Let’s break the commands down. The first command is used to add a new storage class to the placement rule in the zonegroup. While the second command applies to the zone (the ceph cluster) which maps a data pool and any other attributes to the newly added storage class.

First command:

  • radosgw-admin zonegroup placement add – add a placement to the zonegroup
  • --rgw-zonegroup default – apply to the zonegroup called default
  • --placement-id cold-data-placement – set the placement rule to cold-data-placement
  • --storage-class cold-data-new-storage-class – add a storage class cold-data-new-storage-class to the placement rule

Second command:

  • radosgw-admin zone placement add – add a placement to the zone
  • --rgw-zone default – apply to the zone called default
  • --placement-id cold-data-placement – set the placement rule to cold-data-placement
  • --storage-class cold-data-new-storage-class – set the storage class to the newly added, cold-data-new-storage-class
  • --data-pool default.rgw.buckets.cold-data-new-storage-pool – map the data pool default.rgw.buckets.cold-data-new-storage-pool to the newly added storage class
  • --compression lz4 – apply lz4 compression to the objects that will be uploaded

Changing Default Storage Class

There are two ways to change the default storage class. This can be done with an undocumented flag to radosgw-admin that applies it globally or it can be done per user by setting the default_storage_class attribute for the user.
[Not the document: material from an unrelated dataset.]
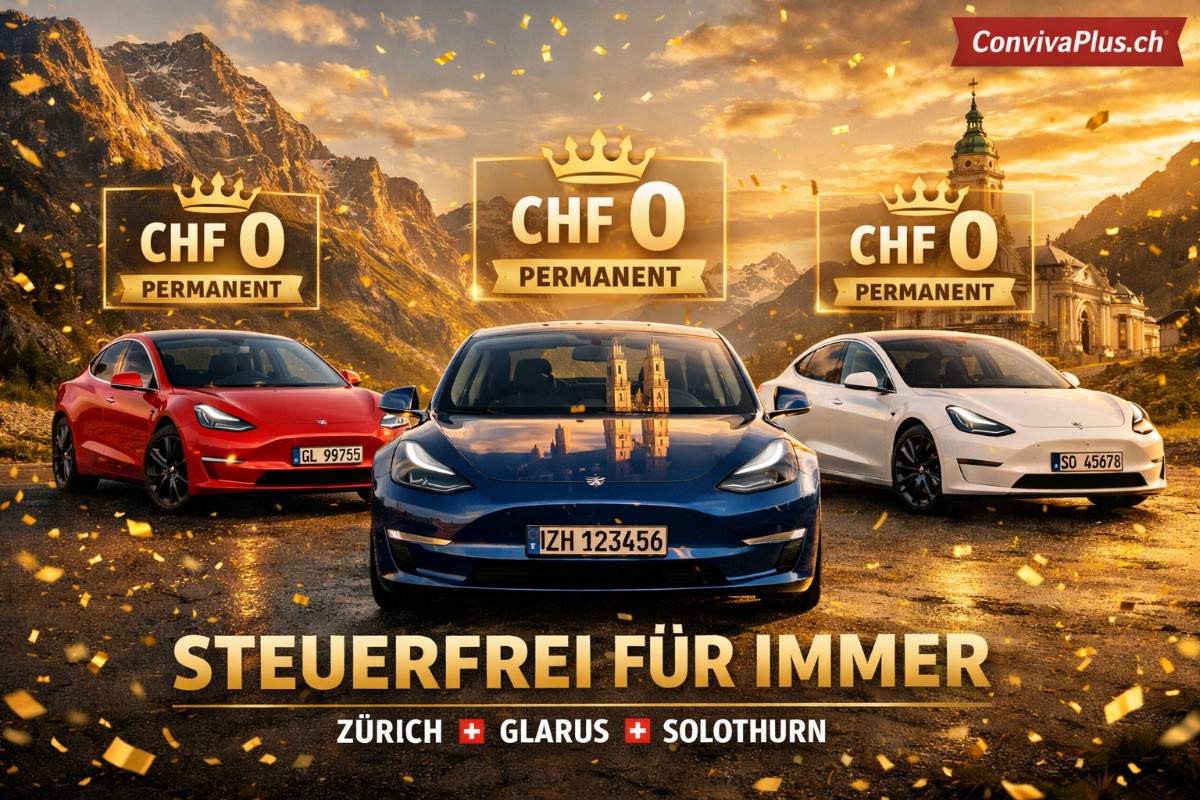 Infografik zeigt die drei Schweizer Kantone Zürich, Glarus und Solothurn, die Elektroautos dauerhaft von der Verkehrssteuer befreien – mit Tesla Model 3 Illustration und Schweizer Flaggen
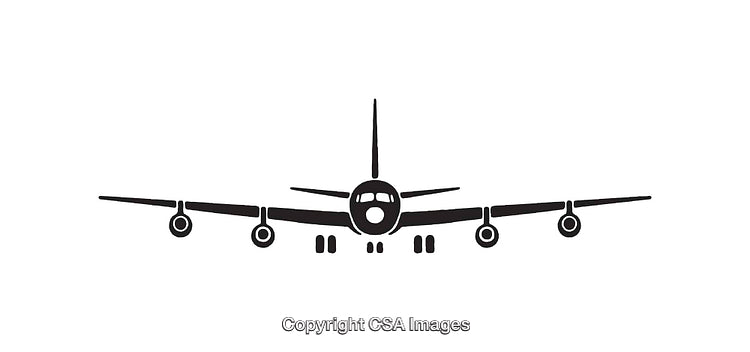Black and White Airline Plane Silhouette in Front View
  • These changes apply to new buckets only, and if both are set then the user attribute takes precedence.
  • These changes are not relevant if the client sends the x-amz-storage-class header as STANDARD without the user specifying a storage class. In that case, the storage class included in the header will be chosen.

Globally

Currently, radosgw-admin accepts an undocumented --storage-class flag for changing the default storage class for a particular placement rule.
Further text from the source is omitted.